Listed records:
______

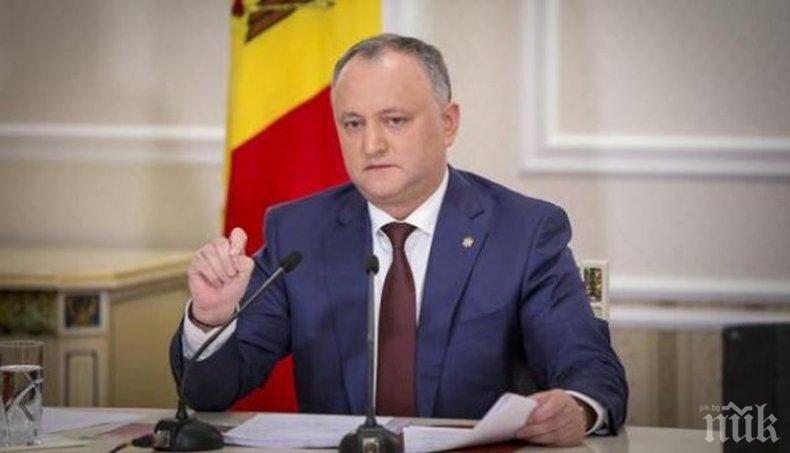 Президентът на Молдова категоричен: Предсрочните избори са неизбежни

______

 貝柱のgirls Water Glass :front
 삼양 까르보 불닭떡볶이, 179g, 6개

______

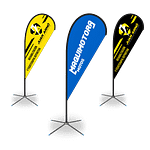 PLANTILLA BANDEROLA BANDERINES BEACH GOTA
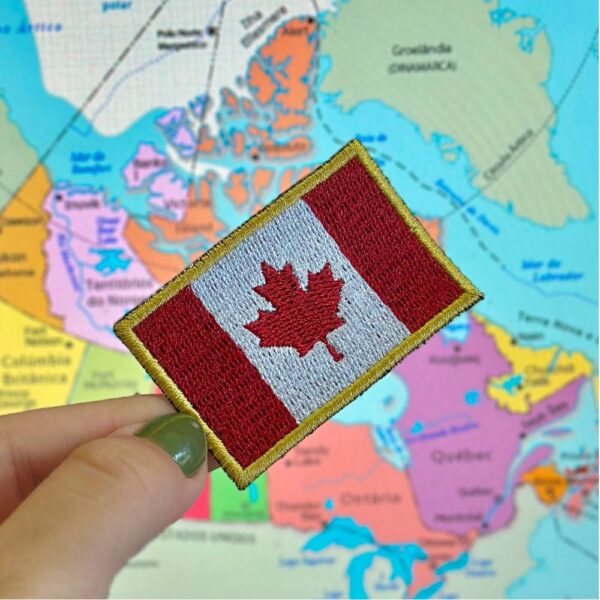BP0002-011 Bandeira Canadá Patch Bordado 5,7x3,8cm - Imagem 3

______

Required work:
Only one stretch of the data is wanted: write out exactly the lines from the one holding "PLANTILLA BANDEROLA BANDERINES BEACH GOTA" through the one holding "BP0002-011 Bandeira Canadá", both included, without the pictures.

Task response:
 PLANTILLA BANDEROLA BANDERINES BEACH GOTA
BP0002-011 Bandeira Canadá Patch Bordado 5,7x3,8cm - Imagem 3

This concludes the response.